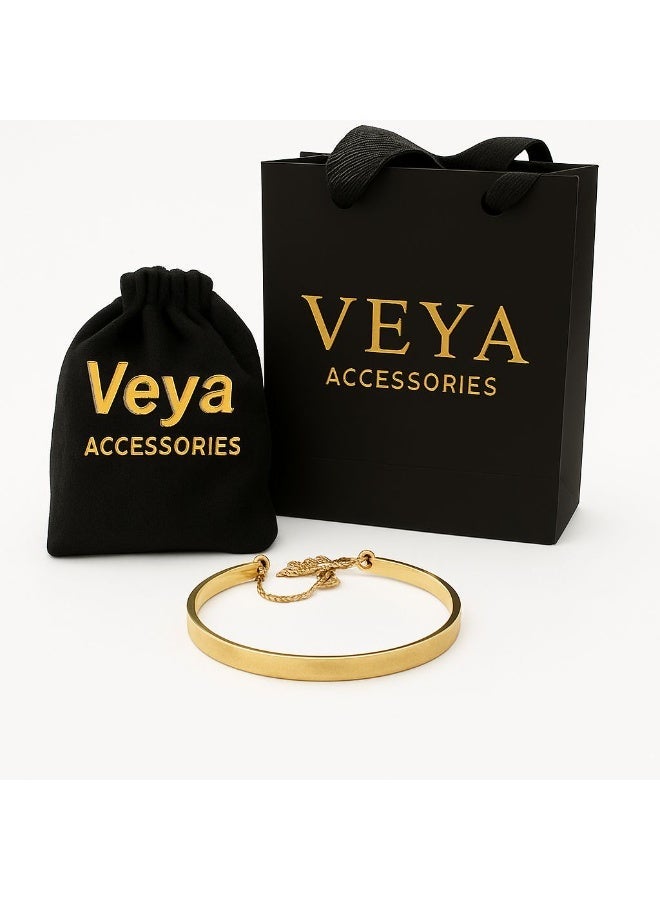 ڤيا إسوار فاخر من VEYA مصنوع من الفولاذ المقاوم للصدأ ومطلي بالذهب، مزخرف بـ نقش عربي محفور بدقة يمتد على كامل السوار، ويأتي داخل باكيج فاخر مع كيس مخمل للحفظ. - Image 1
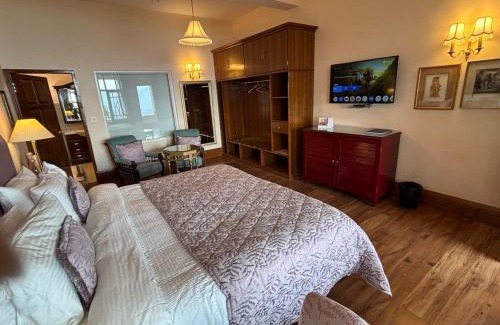 Turuk Resort | The Elgin Silver Oaks - Heritage Resort & Spa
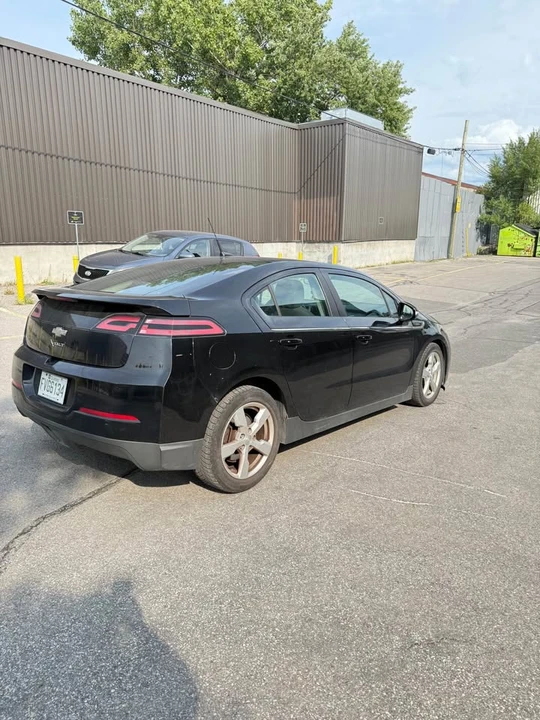 2013 Chevrolet Volt - Image 6 of 8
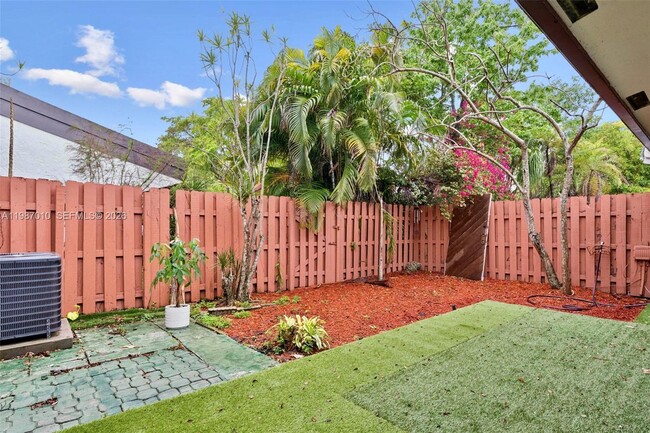 Building Photo - 518 NE 199th Ln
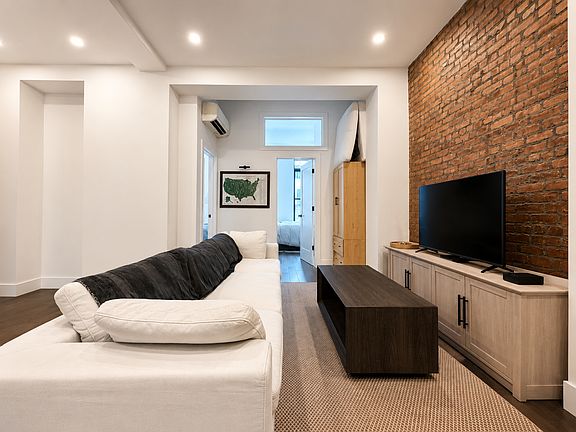 4th image of 163 W 71st St APT 3R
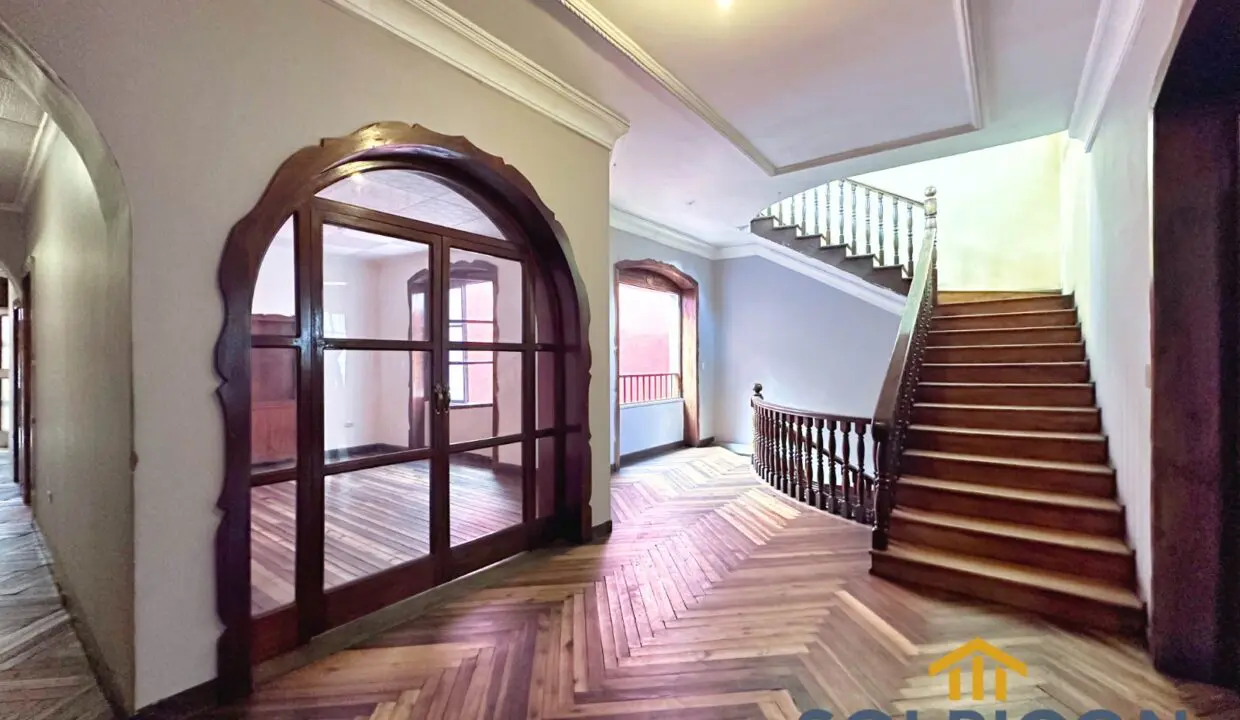 entradas de madera casa de venta en centro historico Cuenca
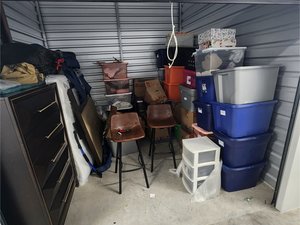 20 x 10 storage unit in Orlando, FL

******************************

WORK TASK: What is needed is an exact copy of the lines from the one with "Turuk Resort |" through the end of the data above, both included, minus any pictures.

OUTPUT OF THE EXERCISE:
 Turuk Resort | The Elgin Silver Oaks - Heritage Resort & Spa
 2013 Chevrolet Volt - Image 6 of 8
 Building Photo - 518 NE 199th Ln
 4th image of 163 W 71st St APT 3R
 entradas de madera casa de venta en centro historico Cuenca
 20 x 10 storage unit in Orlando, FL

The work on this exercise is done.